Task details: Every entry that appears below is to be output exactly.

Source material:
▼

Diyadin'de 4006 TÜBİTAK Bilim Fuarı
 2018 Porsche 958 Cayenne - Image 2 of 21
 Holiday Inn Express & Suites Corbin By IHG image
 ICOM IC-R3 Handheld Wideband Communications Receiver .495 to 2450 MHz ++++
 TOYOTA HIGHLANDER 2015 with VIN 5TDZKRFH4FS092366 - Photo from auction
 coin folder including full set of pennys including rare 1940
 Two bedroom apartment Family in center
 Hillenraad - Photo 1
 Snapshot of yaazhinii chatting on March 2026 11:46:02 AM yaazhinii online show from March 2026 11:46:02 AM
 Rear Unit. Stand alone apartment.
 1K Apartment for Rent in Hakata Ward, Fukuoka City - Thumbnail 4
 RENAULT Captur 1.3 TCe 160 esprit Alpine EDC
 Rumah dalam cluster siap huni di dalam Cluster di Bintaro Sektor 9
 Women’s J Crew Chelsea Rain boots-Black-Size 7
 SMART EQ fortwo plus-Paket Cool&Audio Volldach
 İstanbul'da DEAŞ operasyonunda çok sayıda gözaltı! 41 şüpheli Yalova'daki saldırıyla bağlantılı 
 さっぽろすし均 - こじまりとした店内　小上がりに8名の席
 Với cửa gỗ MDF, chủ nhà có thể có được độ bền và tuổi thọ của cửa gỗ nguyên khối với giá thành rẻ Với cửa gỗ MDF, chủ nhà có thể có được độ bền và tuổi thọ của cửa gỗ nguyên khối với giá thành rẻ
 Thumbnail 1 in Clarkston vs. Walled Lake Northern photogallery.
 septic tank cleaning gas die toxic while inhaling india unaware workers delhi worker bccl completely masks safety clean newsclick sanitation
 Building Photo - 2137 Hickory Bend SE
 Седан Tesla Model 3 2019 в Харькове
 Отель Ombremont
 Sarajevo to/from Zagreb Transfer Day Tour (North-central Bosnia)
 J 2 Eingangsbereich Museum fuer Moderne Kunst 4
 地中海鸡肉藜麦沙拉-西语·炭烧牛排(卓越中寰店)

▲

Result of the exercise:
Diyadin'de 4006 TÜBİTAK Bilim Fuarı
 2018 Porsche 958 Cayenne - Image 2 of 21
 Holiday Inn Express & Suites Corbin By IHG image
 ICOM IC-R3 Handheld Wideband Communications Receiver .495 to 2450 MHz ++++
 TOYOTA HIGHLANDER 2015 with VIN 5TDZKRFH4FS092366 - Photo from auction
 coin folder including full set of pennys including rare 1940
 Two bedroom apartment Family in center
 Hillenraad - Photo 1
 Snapshot of yaazhinii chatting on March 2026 11:46:02 AM yaazhinii online show from March 2026 11:46:02 AM
 Rear Unit. Stand alone apartment.
 1K Apartment for Rent in Hakata Ward, Fukuoka City - Thumbnail 4
 RENAULT Captur 1.3 TCe 160 esprit Alpine EDC
 Rumah dalam cluster siap huni di dalam Cluster di Bintaro Sektor 9
 Women’s J Crew Chelsea Rain boots-Black-Size 7
 SMART EQ fortwo plus-Paket Cool&Audio Volldach
 İstanbul'da DEAŞ operasyonunda çok sayıda gözaltı! 41 şüpheli Yalova'daki saldırıyla bağlantılı 
 さっぽろすし均 - こじまりとした店内　小上がりに8名の席
 Với cửa gỗ MDF, chủ nhà có thể có được độ bền và tuổi thọ của cửa gỗ nguyên khối với giá thành rẻ Với cửa gỗ MDF, chủ nhà có thể có được độ bền và tuổi thọ của cửa gỗ nguyên khối với giá thành rẻ
 Thumbnail 1 in Clarkston vs. Walled Lake Northern photogallery.
 septic tank cleaning gas die toxic while inhaling india unaware workers delhi worker bccl completely masks safety clean newsclick sanitation
 Building Photo - 2137 Hickory Bend SE
 Седан Tesla Model 3 2019 в Харькове
 Отель Ombremont
 Sarajevo to/from Zagreb Transfer Day Tour (North-central Bosnia)
 J 2 Eingangsbereich Museum fuer Moderne Kunst 4
 地中海鸡肉藜麦沙拉-西语·炭烧牛排(卓越中寰店)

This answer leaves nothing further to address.